● Exercise data:
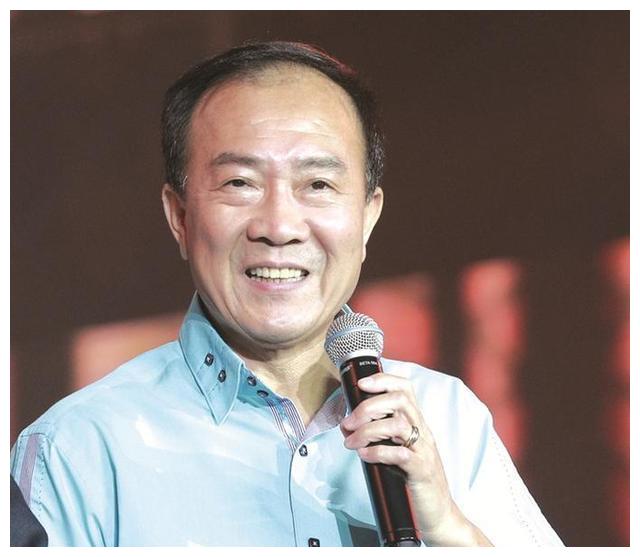 2004年,戴志诚出轨离婚后把家搬空,只剩下杨蕾本人和一堵承重墙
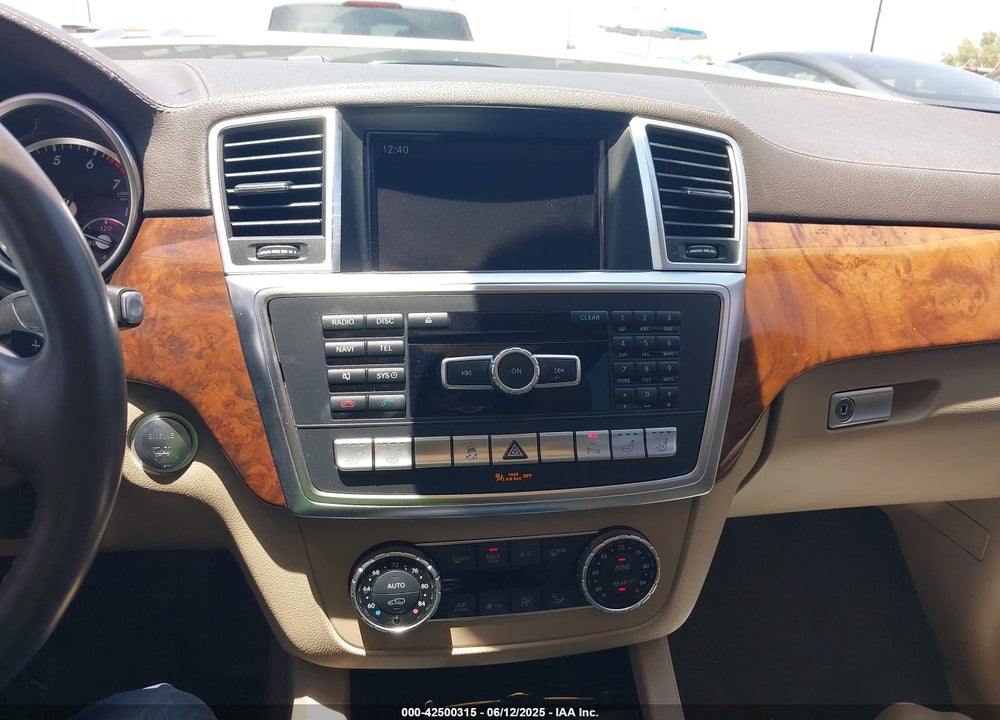 2015 MERCEDES-BENZ GL 550 4MATIC VIN: 4JGDF7DE2FA468258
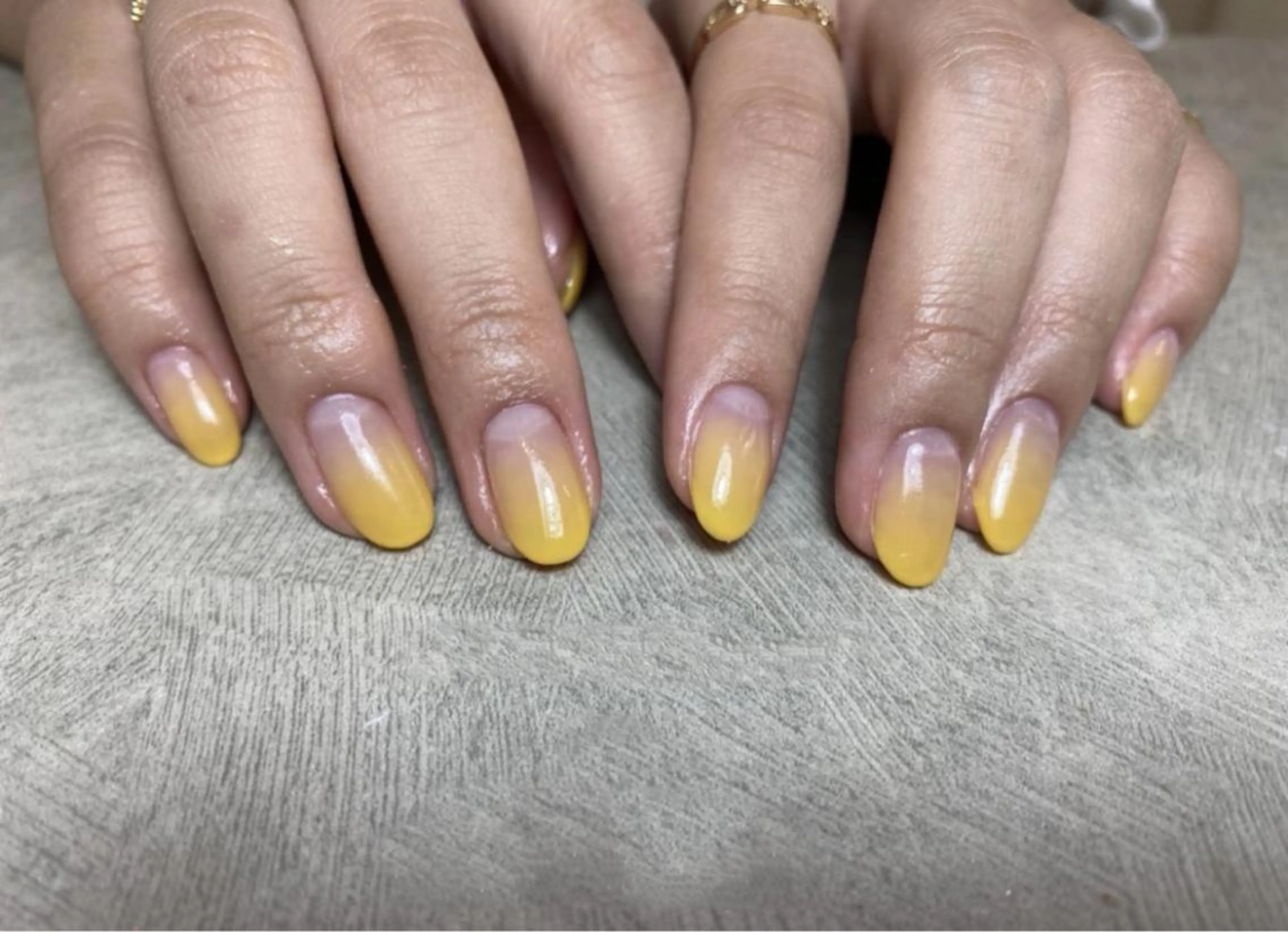 ネイル 黄色 ハンドネイル nail salon CHEのネイルデザイン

● Task item: Leave the images aside and retype each line of the listing above exactly.

● Response:
 2004年,戴志诚出轨离婚后把家搬空,只剩下杨蕾本人和一堵承重墙
 2015 MERCEDES-BENZ GL 550 4MATIC VIN: 4JGDF7DE2FA468258
 ネイル 黄色 ハンドネイル nail salon CHEのネイルデザイン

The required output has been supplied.